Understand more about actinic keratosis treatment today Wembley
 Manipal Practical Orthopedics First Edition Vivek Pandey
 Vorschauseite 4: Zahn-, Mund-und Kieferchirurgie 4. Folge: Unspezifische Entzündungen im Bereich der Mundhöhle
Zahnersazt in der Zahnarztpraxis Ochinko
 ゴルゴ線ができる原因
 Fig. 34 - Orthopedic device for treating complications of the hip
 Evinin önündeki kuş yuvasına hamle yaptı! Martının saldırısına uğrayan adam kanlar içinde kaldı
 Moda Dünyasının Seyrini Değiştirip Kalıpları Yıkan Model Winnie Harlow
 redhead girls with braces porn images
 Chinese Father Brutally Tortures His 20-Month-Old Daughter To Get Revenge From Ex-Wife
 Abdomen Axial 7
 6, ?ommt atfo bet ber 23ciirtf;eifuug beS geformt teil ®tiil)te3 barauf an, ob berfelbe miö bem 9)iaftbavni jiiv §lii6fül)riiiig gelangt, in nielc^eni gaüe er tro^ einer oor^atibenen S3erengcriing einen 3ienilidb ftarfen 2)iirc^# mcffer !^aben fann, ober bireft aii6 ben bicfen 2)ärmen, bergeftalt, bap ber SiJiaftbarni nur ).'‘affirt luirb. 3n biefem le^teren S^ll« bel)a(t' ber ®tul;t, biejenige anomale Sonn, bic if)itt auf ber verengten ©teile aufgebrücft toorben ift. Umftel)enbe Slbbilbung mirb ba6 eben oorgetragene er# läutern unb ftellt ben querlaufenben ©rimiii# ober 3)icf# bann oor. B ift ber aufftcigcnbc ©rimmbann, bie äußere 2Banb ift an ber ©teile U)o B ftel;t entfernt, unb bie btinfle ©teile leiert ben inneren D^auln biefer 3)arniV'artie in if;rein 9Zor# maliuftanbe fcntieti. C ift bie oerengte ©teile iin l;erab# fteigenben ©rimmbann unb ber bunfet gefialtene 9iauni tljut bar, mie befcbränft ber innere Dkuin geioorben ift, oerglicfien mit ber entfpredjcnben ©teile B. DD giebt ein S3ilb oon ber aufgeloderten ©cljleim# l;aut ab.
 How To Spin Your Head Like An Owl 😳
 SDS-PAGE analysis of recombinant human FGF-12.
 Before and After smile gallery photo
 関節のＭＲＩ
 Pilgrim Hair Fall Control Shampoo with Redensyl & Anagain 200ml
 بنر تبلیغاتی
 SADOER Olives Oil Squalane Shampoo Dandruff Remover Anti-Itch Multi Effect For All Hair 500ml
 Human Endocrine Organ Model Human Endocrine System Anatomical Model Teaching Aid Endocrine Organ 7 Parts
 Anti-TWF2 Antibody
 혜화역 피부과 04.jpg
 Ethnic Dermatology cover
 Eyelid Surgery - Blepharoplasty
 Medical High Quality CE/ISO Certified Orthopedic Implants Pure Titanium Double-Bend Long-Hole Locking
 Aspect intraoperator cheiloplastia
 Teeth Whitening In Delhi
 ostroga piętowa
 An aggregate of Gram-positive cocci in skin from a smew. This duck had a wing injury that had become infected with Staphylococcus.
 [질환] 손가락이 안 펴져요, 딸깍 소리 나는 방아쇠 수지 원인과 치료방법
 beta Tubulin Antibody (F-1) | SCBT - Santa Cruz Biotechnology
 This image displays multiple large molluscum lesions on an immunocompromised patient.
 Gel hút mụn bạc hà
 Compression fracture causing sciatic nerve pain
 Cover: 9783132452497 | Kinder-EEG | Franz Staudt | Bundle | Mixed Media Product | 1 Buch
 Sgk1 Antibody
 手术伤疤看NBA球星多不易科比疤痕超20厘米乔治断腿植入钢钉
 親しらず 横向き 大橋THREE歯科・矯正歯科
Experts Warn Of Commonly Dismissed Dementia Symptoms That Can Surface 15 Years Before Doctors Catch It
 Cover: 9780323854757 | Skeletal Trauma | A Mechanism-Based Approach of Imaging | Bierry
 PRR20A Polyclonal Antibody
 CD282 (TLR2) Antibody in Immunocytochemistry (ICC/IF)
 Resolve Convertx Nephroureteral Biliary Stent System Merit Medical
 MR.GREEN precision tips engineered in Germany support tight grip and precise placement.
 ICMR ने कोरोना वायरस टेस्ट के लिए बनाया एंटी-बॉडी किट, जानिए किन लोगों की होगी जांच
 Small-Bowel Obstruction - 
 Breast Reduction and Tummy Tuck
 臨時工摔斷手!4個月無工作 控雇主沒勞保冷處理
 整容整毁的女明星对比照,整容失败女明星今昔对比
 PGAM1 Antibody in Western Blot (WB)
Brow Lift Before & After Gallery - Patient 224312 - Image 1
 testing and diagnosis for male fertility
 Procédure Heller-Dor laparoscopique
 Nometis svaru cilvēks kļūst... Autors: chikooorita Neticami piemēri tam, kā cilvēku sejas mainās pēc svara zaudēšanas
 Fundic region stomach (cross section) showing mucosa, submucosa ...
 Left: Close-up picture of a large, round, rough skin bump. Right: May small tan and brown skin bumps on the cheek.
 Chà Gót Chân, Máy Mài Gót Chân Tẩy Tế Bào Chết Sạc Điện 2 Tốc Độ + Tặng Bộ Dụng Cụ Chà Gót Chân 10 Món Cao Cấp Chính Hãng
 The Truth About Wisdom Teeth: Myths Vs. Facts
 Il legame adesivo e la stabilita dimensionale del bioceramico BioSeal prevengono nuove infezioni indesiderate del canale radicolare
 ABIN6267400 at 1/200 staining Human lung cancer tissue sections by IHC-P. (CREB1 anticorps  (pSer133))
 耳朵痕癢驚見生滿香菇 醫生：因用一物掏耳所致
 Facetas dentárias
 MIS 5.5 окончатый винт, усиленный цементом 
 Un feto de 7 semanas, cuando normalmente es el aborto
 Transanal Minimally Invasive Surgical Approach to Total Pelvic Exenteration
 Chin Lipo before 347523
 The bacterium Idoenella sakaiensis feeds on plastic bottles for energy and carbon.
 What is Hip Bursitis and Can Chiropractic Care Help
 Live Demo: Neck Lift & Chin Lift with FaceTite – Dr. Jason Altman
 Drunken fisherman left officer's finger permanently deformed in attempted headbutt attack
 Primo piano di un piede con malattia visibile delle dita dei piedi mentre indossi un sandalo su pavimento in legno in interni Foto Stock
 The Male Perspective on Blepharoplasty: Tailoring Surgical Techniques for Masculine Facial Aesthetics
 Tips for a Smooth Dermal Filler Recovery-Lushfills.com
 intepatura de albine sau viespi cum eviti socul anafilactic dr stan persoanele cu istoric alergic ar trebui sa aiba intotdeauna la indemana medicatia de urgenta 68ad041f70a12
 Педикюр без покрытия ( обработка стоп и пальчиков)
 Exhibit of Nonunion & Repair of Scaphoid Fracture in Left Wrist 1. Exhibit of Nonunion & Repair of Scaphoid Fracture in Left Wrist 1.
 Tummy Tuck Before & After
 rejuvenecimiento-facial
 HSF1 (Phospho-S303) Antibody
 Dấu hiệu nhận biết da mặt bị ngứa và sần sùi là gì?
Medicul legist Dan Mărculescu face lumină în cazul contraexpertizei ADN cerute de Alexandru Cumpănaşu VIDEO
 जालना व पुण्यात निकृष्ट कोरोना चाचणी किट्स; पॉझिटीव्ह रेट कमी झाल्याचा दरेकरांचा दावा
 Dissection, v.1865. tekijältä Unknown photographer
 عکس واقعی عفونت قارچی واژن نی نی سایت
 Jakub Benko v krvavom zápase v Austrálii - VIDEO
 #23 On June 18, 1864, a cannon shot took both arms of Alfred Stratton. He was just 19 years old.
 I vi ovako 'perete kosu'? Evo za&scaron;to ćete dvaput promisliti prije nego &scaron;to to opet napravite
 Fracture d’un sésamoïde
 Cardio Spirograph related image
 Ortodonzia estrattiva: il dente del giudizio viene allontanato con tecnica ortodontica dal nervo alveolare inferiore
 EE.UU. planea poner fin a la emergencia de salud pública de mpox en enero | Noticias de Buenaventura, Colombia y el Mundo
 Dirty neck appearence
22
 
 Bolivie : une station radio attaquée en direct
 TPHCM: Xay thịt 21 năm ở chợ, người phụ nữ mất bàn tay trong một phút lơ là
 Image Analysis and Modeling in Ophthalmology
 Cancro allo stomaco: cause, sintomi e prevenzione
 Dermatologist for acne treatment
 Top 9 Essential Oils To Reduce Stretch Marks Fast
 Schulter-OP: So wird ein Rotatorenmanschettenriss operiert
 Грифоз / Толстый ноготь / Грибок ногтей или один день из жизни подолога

+ + + + +

◆ Directions:
Lines that contain "Lift" are the result; find them in the entries above and copy each one.

◆ Answer to this problem:
Brow Lift Before & After Gallery - Patient 224312 - Image 1
 Live Demo: Neck Lift & Chin Lift with FaceTite – Dr. Jason Altman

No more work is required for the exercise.